Results of this investigation suggest that by simply changing the nonpulsatile flow to the pulsatile flow at identical experimental settings, it is possible to produce higher hemodynamic energy levels. Our results also confirmed that a membrane oxygenator and the length of the arterial tubing are the main sources for “energy loss” during extracorporeal circulation. Therefore, it is crucial to select suitable circuit components if the pulsatile flow is used.
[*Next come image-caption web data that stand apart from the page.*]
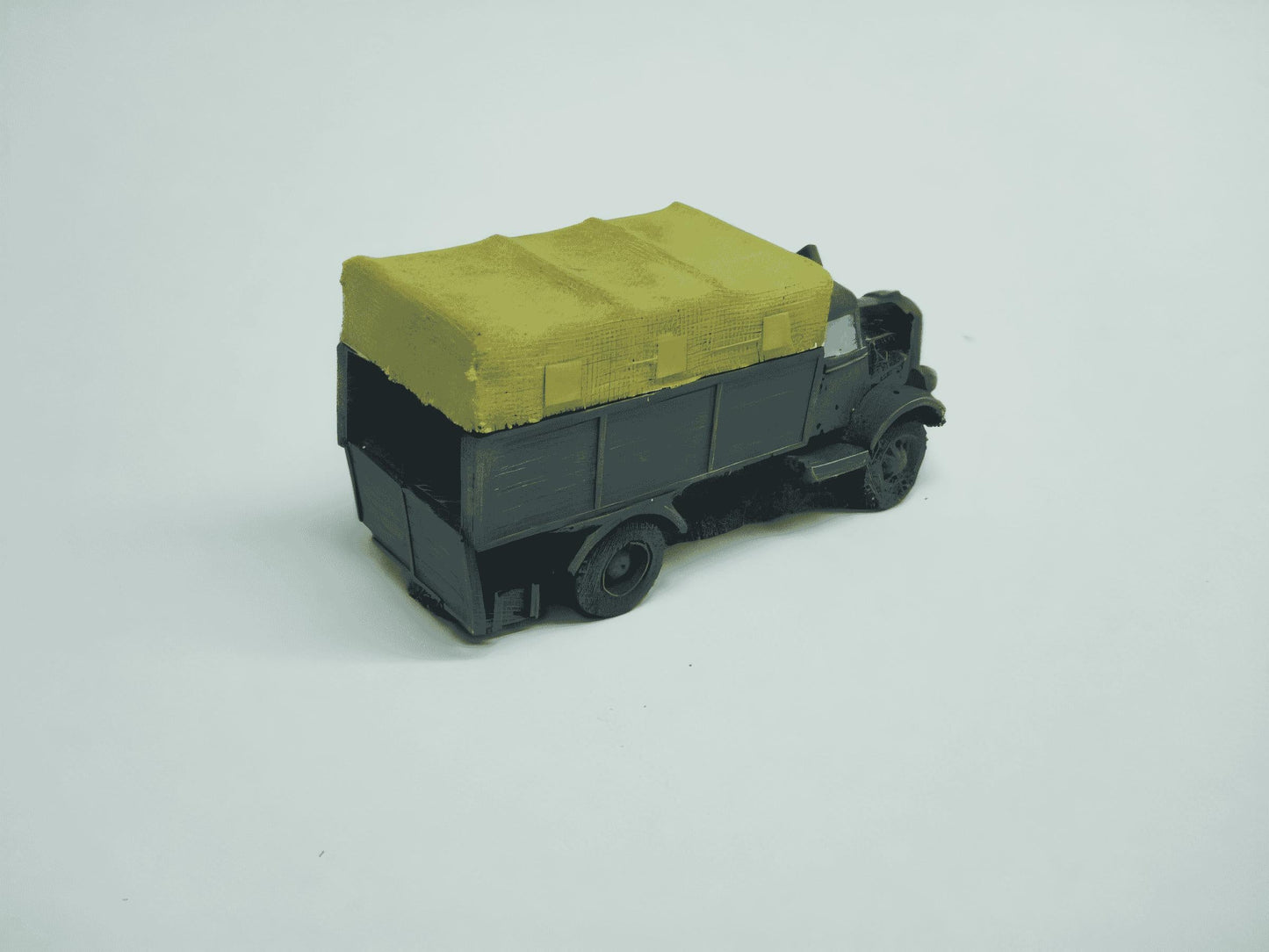 1:72  ABANDONED OPEL BLITZ TRUCK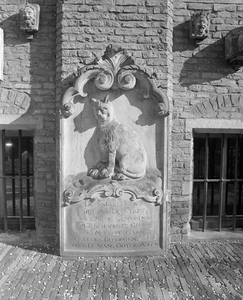 884680 Afbeelding van de gevelsteen uit de in 1909 afgebroken molen De Kat aan de Vleutenseweg te Utrecht, uit de ...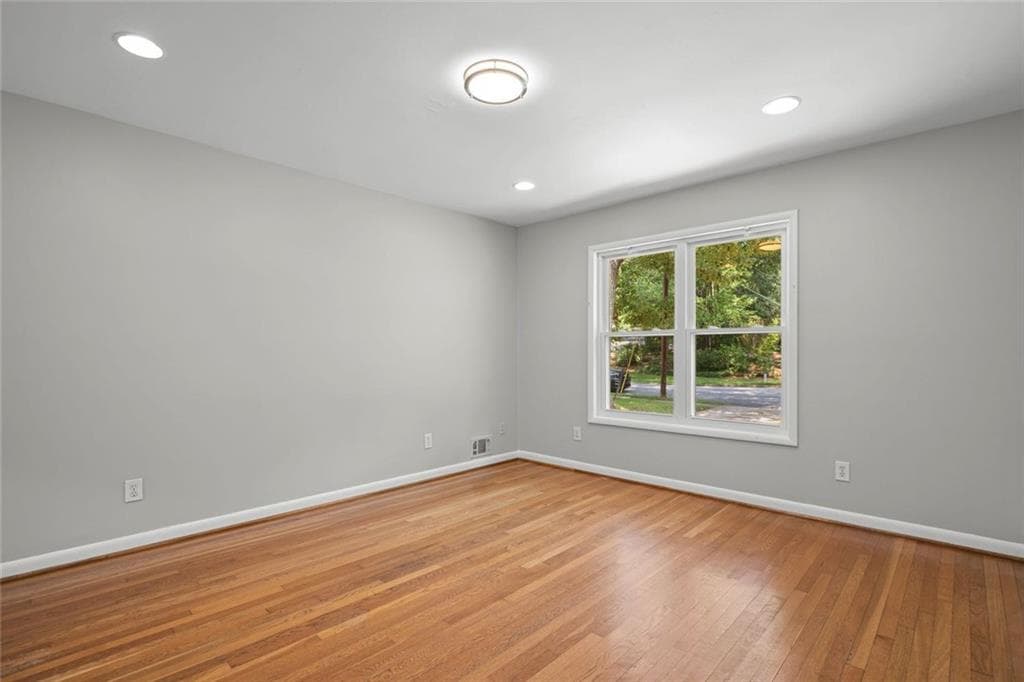 4 bedroom, 2 bathroom, 2,160 sq ft single family residence for sale at 1342 Atterberry Place, Decatur, GA 30033 — photo 6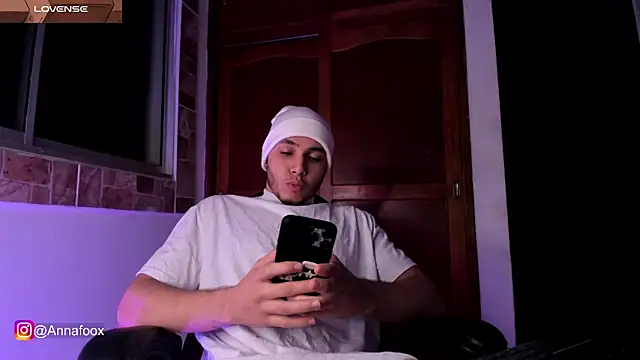 max valiant1 online show from January 13, 4:38 am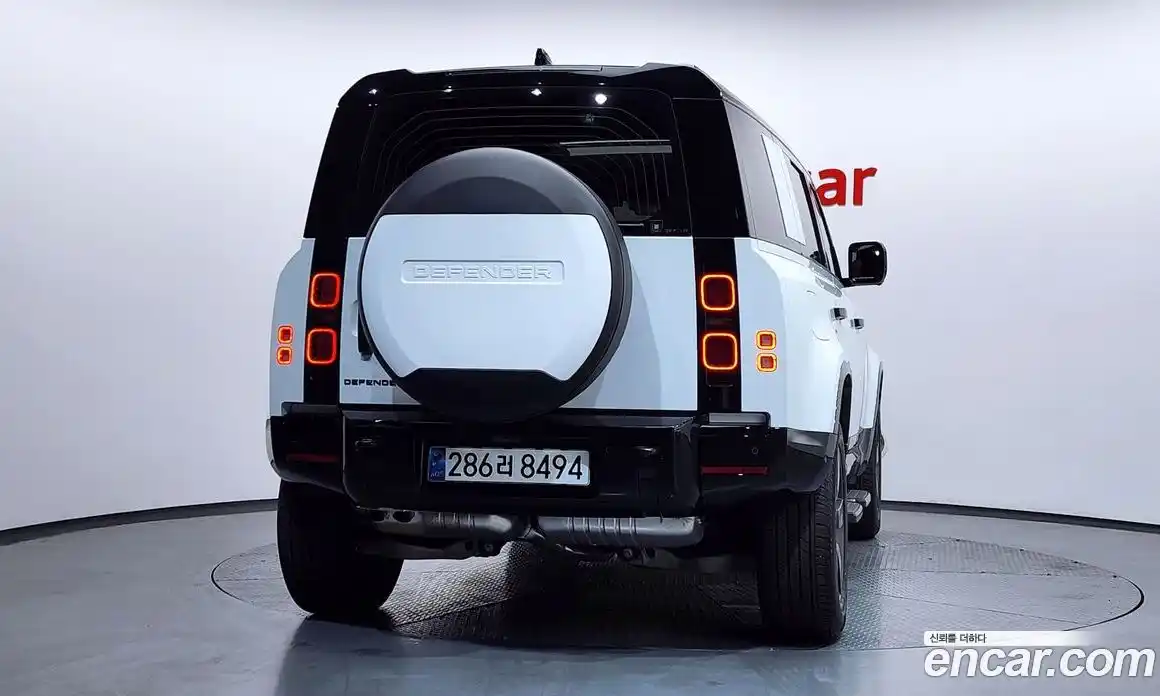 Land Rover Defender 2025 3.0 Автомат в Москве № 498586, фото 4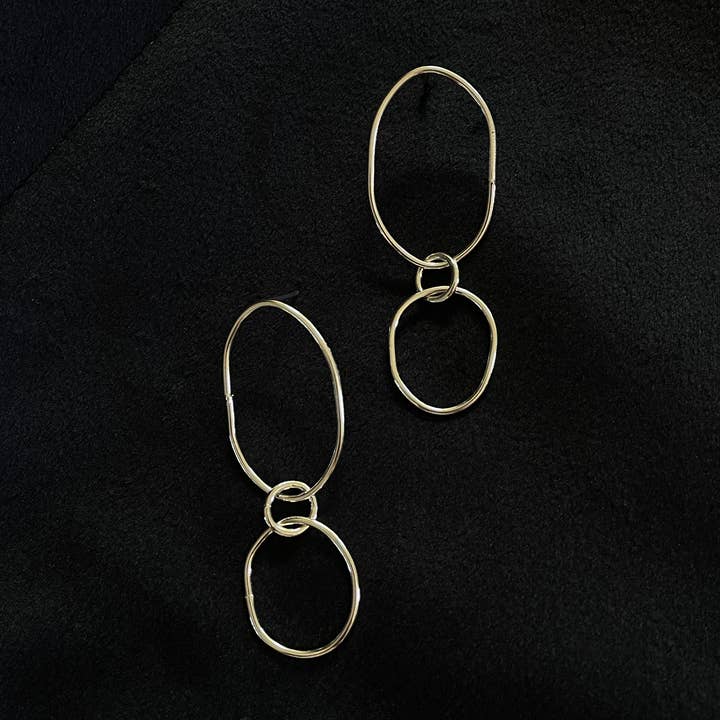 Orecchini a catena a forma organica per la vendita all'ingrosso da parte di Kaju Creations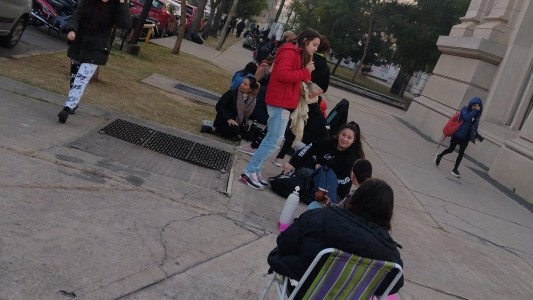 Lali llegó a Santa Fe y sus fans ya acampan alrededor de la Estación Belgrano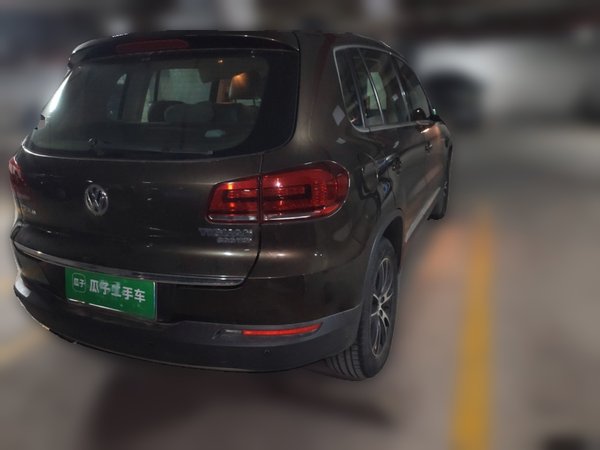 Volkswagen Tiguan 2016, 111800 км, за 7293 USD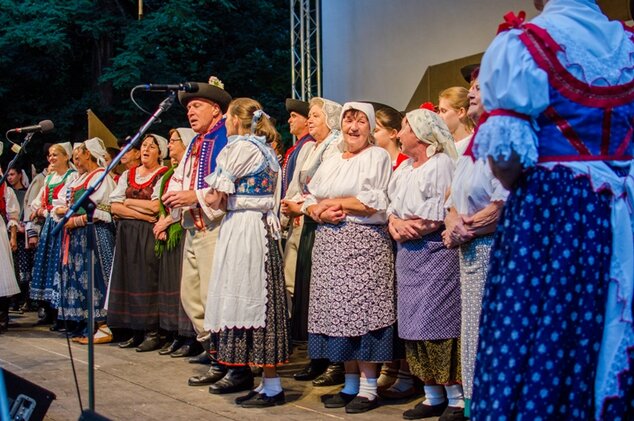 Spoločný záver programu folklórnych skupín Stretnutie (copyright bibiana simova 2015)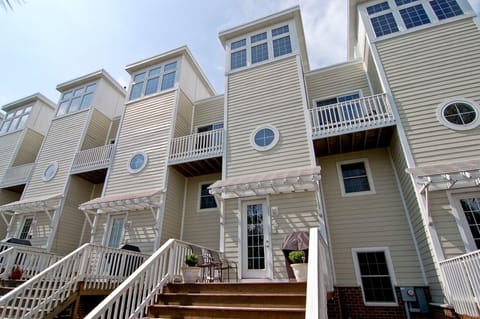Spectacular townhome with Weber Grill on the Front Deck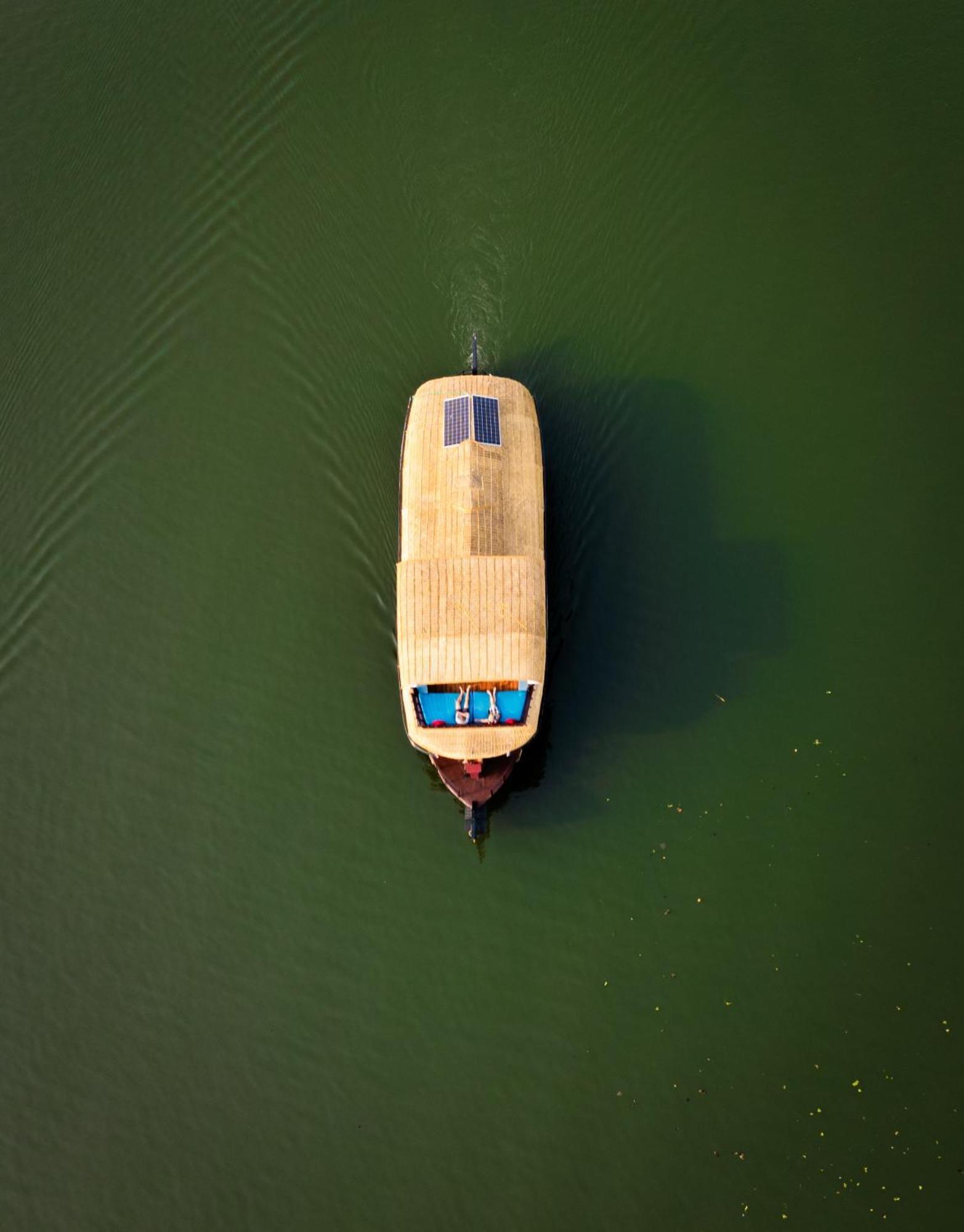 ホテル Why Not Houseboat アーラップーザ県 エクステリア 写真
In the past decade, we have tested almost all pediatric heart-lung machines and pediatric oxygenators (FDA approved as well as non-FDA approved) with pulsatile and nonpulsatile perfusion.2,4,6,9–11 Jostra HL-20 heart-lung machine and Capiox Baby RX oxygenator were chosen for this study because of their previous satisfactory performances with either perfusion modes.2,4,11
The main idea behind this investigation was to determine all possible test conditions with pulsatile and nonpulsatile perfusion in a pseudo-patient before using this system clinically. The components of this circuit were identical to our clinical set-up. We will start using this set-up with pulsatile flow in our clinical CPB patients at the Penn State Children’s Hospital.
The difference between the EEP and MAP is the “extra” energy that equals the surplus hemodynamic energy (Figure 1). Under 100% nonpulsatile flow conditions, the difference will be zero. So, there will be no “extra” energy. In this study, however, under nonpulsatile perfusion, particularly at preoxygenator and postoxygenator sites, there was significant surplus hemodynamic energy, because roller pumps (even under 100% nonpulsatile condition) still generate some degree of pulsatility. Therefore, it is even more important to precisely quantify pressure-flow waveforms for direct and meaningful comparisons between perfusion modes. On the basis of our extensive data on this topic, we have repeatedly suggested that investigators who compare pulsatile versus nonpulsatile perfusion should also use EEP and SHE in addition to the pulse pressure for direct and meaningful comparisons.1–6
The pressure transducers used in this study are intended for clinical use. To limit the effect of fluid-filled catheters, the transducers were attached directly to the bypass loop using stopcocks. The transducers have a reported flat dynamic frequency response of more than 100 Hz. We believe that this setup permits the faithful recording and reproduction of pressure waveforms. This system has been used widely in our laboratory to accurately monitor pressures both in vivo and in vitro. No comparisons were made between the pressure transducers used in this study and catheter-tip pressure transducers.
Is there any evidence in the literature that this “extra energy” generated under pulsatile flow conditions has any impact on vital organ recovery in pediatric models? We have already documented that pulsatile perfusion maintains more physiological vital organ function during acute and chronic extracorporeal circulation in animal models as well as in pediatric patients.12–15
The Jostra HL-20 roller pump generated significantly higher EEP, percent change in pressure, and SHE levels in the pulsatile mode when compared with the nonpulsatile mode at all five pump flow rates. SHE and EEP formulas are adequate to precisely quantify pressure-flow waveforms during extracorporeal circulation. Further research to investigate possible mechanisms between extra hemodynamic energy levels and vital organ function is warranted.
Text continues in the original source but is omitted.